XXIII.
Я случайно только что упомянул о побегах.
Ни о чем так долго, упорно и мучительно не мечталось, как именно о побеге. Мечталось, несмотря на то, что трезвое сознание ясно говорило о полной его невозможности. Это "мечтание" находило как-то само собой, вдруг и без всяких причин, изредка лишь по поводу какой-нибудь недоглядки дежурного, которая в тот же момент вызывала вопрос: "а не воспользоваться ли сейчас этим?".
Мечтали об этом и в бессонную ночь, мечтали и днем, мечтали и в зимнюю вьюгу, которая слепит глаза часовому, и в яркий летний полдень, который так заманчиво манит на простор полей и на свободное лоно природы. Мечтали об этом тайно наедине с самим собой, мечтали и вслух, попарно и скопом.
Но больше всего, кажется, мечтали об этом в Христову ночь. Тогда, казалось, все до такой степени проникнуты мыслью о восстании из гробов и о торжестве жизни над тлением, свободы над пленом, что могут только приветствовать мое освобождение и братски обнять всякого, кто расторгнет узы во имя служения своим ближним.
Строились самые правдоподобные и осуществимые проекты: как выйти из здания, как влезть на стену, как обойти стоявшего там часового, спуститься со стены и нырнуть затем в быстрые воды Невы. Или же пуститься зимой по ненадежному и необозримому ледяному полю и в конце концов очутиться где-нибудь в Петербурге и отыскать там скорое и верное убежище.

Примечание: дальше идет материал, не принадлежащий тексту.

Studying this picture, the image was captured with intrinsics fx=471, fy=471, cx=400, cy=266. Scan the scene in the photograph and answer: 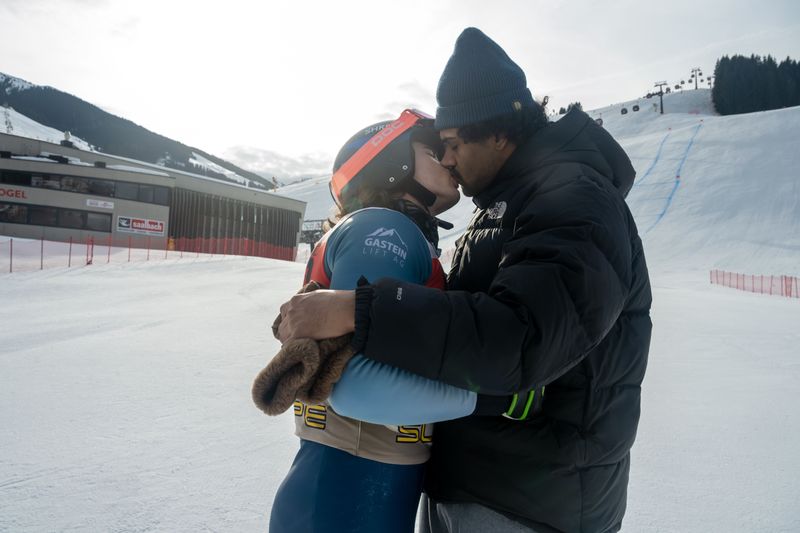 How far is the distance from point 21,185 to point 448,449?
126 feet

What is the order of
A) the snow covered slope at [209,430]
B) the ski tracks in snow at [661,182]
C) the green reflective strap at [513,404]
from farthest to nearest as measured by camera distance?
the ski tracks in snow at [661,182] < the snow covered slope at [209,430] < the green reflective strap at [513,404]

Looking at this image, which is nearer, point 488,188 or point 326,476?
point 326,476

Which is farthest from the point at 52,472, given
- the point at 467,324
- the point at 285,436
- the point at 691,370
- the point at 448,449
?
the point at 691,370

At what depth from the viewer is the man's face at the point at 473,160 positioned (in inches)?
58.9

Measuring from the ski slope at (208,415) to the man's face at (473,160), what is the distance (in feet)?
7.36

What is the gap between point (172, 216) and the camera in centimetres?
3309

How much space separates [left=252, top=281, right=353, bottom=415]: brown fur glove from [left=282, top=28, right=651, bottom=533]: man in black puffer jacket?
0.04 metres

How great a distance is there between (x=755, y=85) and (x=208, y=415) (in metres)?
99.0

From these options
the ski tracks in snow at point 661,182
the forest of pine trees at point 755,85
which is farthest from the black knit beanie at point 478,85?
the forest of pine trees at point 755,85

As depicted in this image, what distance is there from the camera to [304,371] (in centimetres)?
103

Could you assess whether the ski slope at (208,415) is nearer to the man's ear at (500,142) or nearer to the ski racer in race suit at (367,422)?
the ski racer in race suit at (367,422)

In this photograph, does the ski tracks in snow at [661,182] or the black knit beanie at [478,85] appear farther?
the ski tracks in snow at [661,182]

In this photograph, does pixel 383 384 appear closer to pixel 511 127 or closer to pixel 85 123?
pixel 511 127

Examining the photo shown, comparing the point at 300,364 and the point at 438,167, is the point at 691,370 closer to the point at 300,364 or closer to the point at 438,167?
the point at 438,167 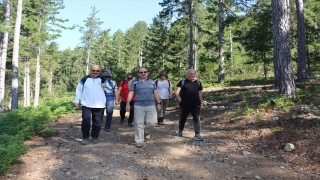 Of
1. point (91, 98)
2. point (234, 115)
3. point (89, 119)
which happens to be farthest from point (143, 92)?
point (234, 115)

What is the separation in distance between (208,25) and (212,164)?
30.8m

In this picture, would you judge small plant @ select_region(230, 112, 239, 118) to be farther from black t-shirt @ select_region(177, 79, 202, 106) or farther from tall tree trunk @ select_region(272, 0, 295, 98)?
black t-shirt @ select_region(177, 79, 202, 106)

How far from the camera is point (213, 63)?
2123cm

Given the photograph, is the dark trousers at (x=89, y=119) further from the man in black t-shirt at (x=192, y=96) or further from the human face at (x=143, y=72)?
the man in black t-shirt at (x=192, y=96)

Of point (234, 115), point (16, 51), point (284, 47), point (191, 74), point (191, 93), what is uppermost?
point (16, 51)

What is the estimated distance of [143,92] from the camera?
6.48m

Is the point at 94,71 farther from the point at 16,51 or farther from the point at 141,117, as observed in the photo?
the point at 16,51

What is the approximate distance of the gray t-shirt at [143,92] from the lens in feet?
21.2

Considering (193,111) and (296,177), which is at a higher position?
(193,111)

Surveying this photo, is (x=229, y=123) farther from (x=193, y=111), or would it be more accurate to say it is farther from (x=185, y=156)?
(x=185, y=156)

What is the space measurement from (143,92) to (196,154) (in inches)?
82.8

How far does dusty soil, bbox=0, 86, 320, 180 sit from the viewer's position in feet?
15.5

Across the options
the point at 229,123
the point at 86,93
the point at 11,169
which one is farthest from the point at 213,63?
the point at 11,169

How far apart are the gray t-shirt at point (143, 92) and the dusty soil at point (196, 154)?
47.7 inches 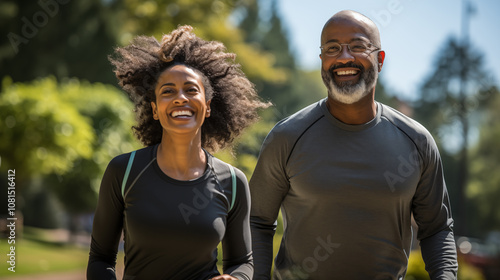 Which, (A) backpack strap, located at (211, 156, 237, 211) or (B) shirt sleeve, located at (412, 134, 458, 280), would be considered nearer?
(A) backpack strap, located at (211, 156, 237, 211)

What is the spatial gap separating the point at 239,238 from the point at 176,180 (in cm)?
45

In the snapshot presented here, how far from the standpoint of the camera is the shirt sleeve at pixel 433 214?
3627 mm

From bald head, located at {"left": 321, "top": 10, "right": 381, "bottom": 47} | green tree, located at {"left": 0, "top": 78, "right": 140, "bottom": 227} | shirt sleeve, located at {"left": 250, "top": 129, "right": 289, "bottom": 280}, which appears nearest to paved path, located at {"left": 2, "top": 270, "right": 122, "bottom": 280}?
green tree, located at {"left": 0, "top": 78, "right": 140, "bottom": 227}

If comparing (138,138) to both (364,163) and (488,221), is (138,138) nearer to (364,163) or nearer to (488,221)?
(364,163)

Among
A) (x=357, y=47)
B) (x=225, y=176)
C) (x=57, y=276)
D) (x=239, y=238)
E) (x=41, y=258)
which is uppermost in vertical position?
(x=41, y=258)

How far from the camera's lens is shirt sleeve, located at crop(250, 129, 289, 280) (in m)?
3.74

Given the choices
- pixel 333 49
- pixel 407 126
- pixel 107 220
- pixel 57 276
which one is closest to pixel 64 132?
pixel 57 276

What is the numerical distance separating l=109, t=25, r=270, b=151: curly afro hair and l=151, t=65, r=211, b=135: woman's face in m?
0.08

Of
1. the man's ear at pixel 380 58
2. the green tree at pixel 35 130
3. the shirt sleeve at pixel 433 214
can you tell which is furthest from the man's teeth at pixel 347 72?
the green tree at pixel 35 130

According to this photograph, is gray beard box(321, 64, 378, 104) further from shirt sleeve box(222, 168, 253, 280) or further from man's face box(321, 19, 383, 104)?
shirt sleeve box(222, 168, 253, 280)

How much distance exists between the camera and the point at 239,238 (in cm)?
318

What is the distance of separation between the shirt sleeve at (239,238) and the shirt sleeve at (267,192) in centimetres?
51

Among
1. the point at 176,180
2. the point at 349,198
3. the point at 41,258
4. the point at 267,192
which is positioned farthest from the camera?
the point at 41,258

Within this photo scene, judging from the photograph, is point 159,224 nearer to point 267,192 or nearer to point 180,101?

Эти мечты с одинаковым упорством лезли в голову как тогда, когда у нас не было еще инструментов и мы не имели ни малейшей возможности выбраться из камеры, так и тогда, когда перепилить решетку уже не представляло никакого труда. Голова упрямо работала над этим, хотя было ясно, что уйти было невозможно, потому что электрические фонари на дворе делали для часового заметной всякую фигуру во всякую бурную, темную или снежную ночь.
Мечты эти, безнадежные и фантастичные, были положительно очаровательны и тешили своими волнующими перипетиями и воображаемой осуществимостью самых заветных и не заглушаемых желаний. Так мечтает подчас влюбленный юноша о недоступной красавице, которая по общественному положению ему совсем не пара и которая не подавала ему решительно никаких надежд.
Эти мечты были так соблазнительны, навязчивы и вытекали так неизбежно из природы вещей, что для своего возникновения или обострения не нуждались ни в каком постороннем напоминании. Поэтому нас не мало позабавило, когда однажды Гудзь выдал нам очередной номер газеты "С.-Петербург", в котором несколько строк было замарано чернилами. Когда я их смыл, то оказалось, что там говорится о побеге одного или нескольких уголовных из какой-то провинциальной тюрьмы. Бедный смотритель хотел этим способом предохранить нас от опасной идеи и от тлетворного влияния периодической печати!
В последние годы, когда дошли до нас сведения о подводных лодках, я не мало мечтал о применении их для устройства подкопа под крепостную стену прямо в один из наших огородов, которые примыкали к этой стене. Разумеется, воображались доброжелатели, которые могли бы не только взяться за это, но и иметь средства на приобретение лодки нужного калибра. Предполагалось, она причалит под водой к крутому берегу, и ее обитатели в водолазных костюмах начнут подкоп в берег под водой и затем выведут его в надворную часть берега, где устроят пещеру с тайным отверстием для воздуха, как базу для всех дальнейших действий.
Мне часто представлялось, как это легко было бы осуществить и как мы все, по данному сигналу, сбежались бы среди бела дня в огород, куда выходит подкоп, нырнули бы один за другим на глазах дежурных в открытое отверстие и затем тоннелем добежали бы до подводной лодки, даже сквозь слой воды, которая должна заливать начало подкопа от лодки.
Очевидно, фантазии Жюля Верна, знакомые с детства, нашли здесь неожиданное практическое и крайне заманчивое приложение.